Infralapsarisme
Infralapsarisme (Latijns infra = na, lapsus = zondeval) is een variant van de leer van de predestinatie, die handelt over het besluit tot verkiezing en verwerping. De kwestie die dit met zich meebrengt is de relatie tussen de eeuwige besluiten van God en de wil van de mens: hoe kan het ene worden bevestigd zonder het andere te ontkennen? Als het één beredeneert voor Gods voorbeschikking over het lot van de mensheid, dan wijst dit naar een ontkenning van de vrije wil van de mensheid en een vrijwaring om God verantwoordelijk te houden voor de zonde.
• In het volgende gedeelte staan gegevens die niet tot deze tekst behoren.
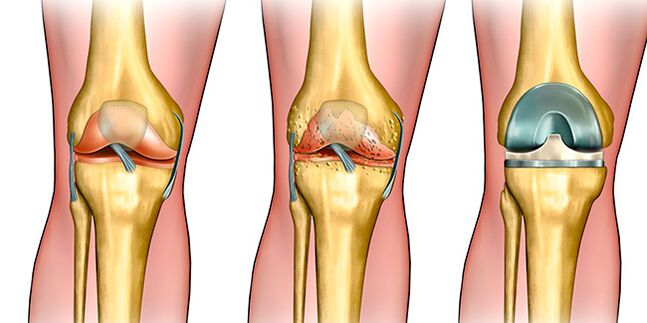 In the third stage of arthrosis, knee replacement is necessary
Aan de andere kant, als het één redeneert voor de vrijheid van de wil van de mensheid, dus de mens verantwoordelijk houden voor de zonde, kan dit een bedreiging vormen voor de soevereiniteit en almacht van God, omdat zijn besluiten dan afhankelijk zijn van de beslissingen van de mensheid.
Dit dilemma is niet nieuw; Pelagius en Augustinus discussieerden over dit onderwerp tijdens de synode van Orange in 529 n. Chr., die uiteindelijk partij koos voor Augustinus. In de Middeleeuwen waren het Johannes Duns Scotus en Willem van Ockham die Augustinus' standpunt in twijfel trokken. Maarten Luther en Erasmus bediscussieerden het onderwerp in ‘de vrijheid van de wil’ en de ‘slavernij van wil’. Melanchthon verwikkelde zich ook in de strijd waarin hij werd tegengestaan door Matthias Flacius rondom het thema synergie, en aan het eind van de zestiende eeuw kwam de controverse tot uiting tijdens de Dordtse synode (1618-1619).
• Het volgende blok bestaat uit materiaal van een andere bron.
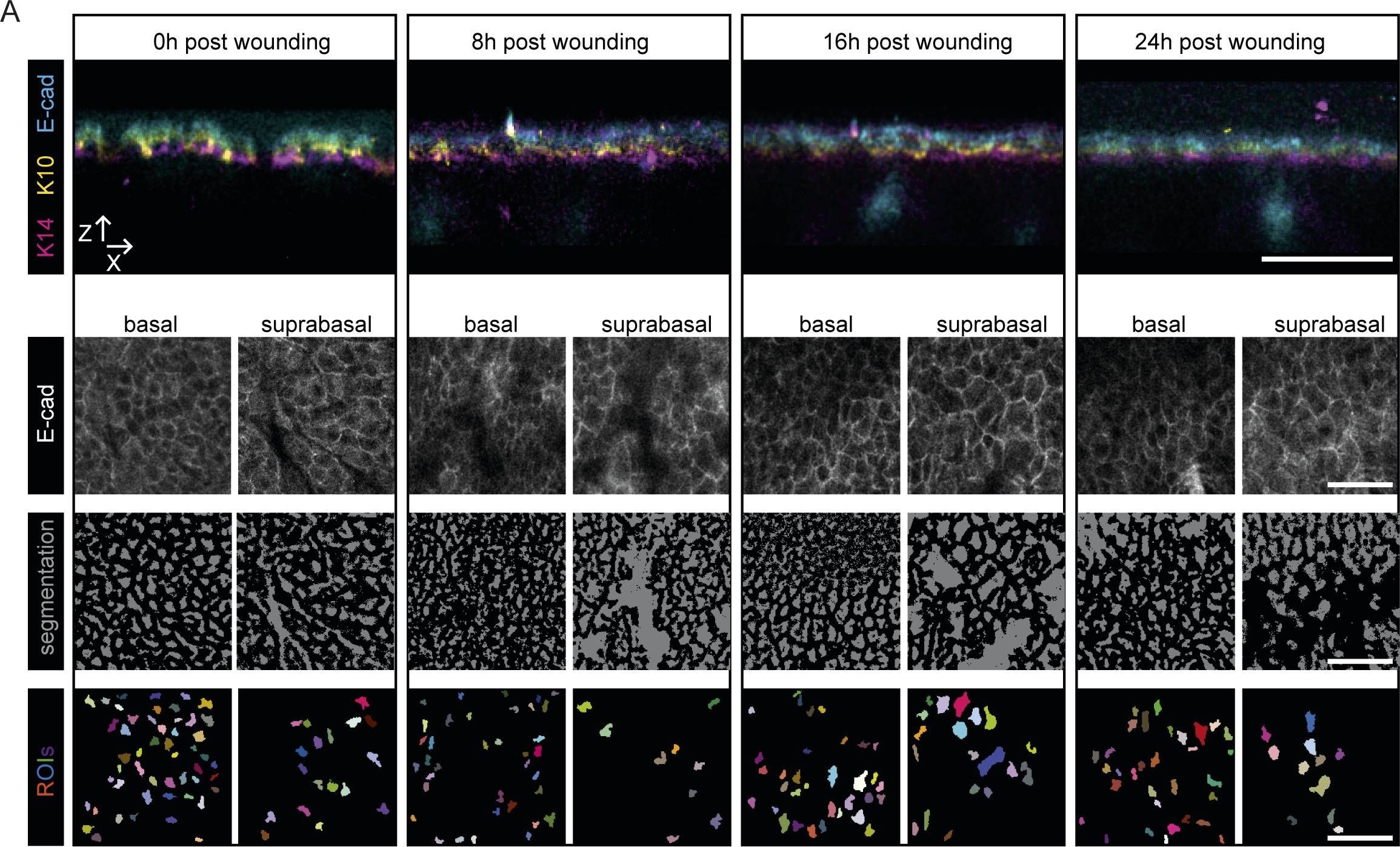 Scratch-induced partial skin wounds re-epithelialize by sheets of independently migrating keratinocytes.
De logische volgorde van de besluiten in het infralapsarisme zijn:
- Gods besluit ter verheerlijking van hemzelf door de schepping van het menselijke ras.
- Het besluit om de zondeval toe te staan;
- Het besluit om sommigen van de gevallenen te verkiezen tot heil en om anderen te verwerpen en te veroordelen voor hun zonden.
- Het besluit om in redding te voorzien voor de gekozenen door middel van Jezus Christus.